For almost a year, the city of Prior Lake and the Shakopee Mdewakanton Sioux Community have been at odds over a 95-acre piece of land.

The tribe wants to put the parcel into trust, a federal designation that would ensure permanent, tax-free ownership. But the city wants to build a road there — and some local leaders are worried that standing by while more land is put into trust will set an unwieldy precedent.

About 2,000 of the tribe's nearly 4,000 acres are currently in trust, and the tribe is seeking to add more.

Trust status emerged 80 years ago with the passage of the Indian Reorganization Act (IRA), as a way for tribes to preserve reservation lands. The IRA says "any tribe now under federal jurisdiction" has the right to put land into trust.

As tribes and governments have wrestled over land, the definition of the word "now" has become crucial.
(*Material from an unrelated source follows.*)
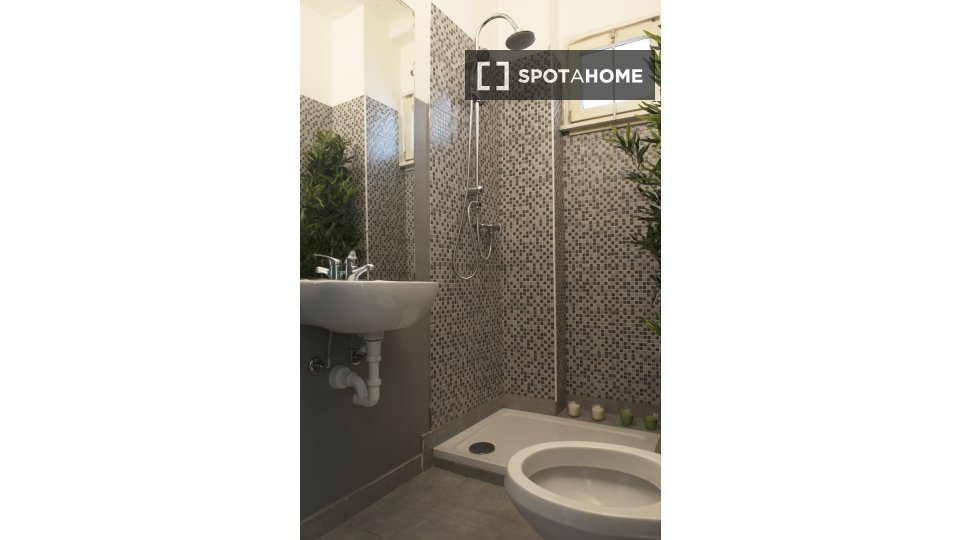Double room Milan, 5 beds, 126m² — photo 3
Opponents of the Shakopee tribe's ongoing mission to acquire land often point to the U.S. Supreme Court's decision in Carcieri v. Salazar. In Carcieri, the court interpreted "now" to mean 1934, the year the IRA became law.

The Shakopee tribe wasn't federally recognized until 1969. But in 2014, the Office of the Interior, which processes trust applications, released a memorandum offering an alternative viewpoint.

The memorandum defined "under federal jurisdiction" in a way that could favor the Shakopee tribe.

"Under federal jurisdiction" doesn't necessarily mean "federally recognized," the memorandum said. So a tribe that wasn't federally recognized in 1934 may still have fallen under federal jurisdiction because it had treaty fishing rights, for example.

The Shakopee tribe negotiated its first treaty in 1805 and exists on reservation lands that the federal government bought in the late 1800s. That time period, not the 1969 date, is what the tribe uses to define its time under federal jurisdiction, said general counsel Willie Hardacker.

"I think it's really important for everyone to understand that the tribe is not going anywhere," he said.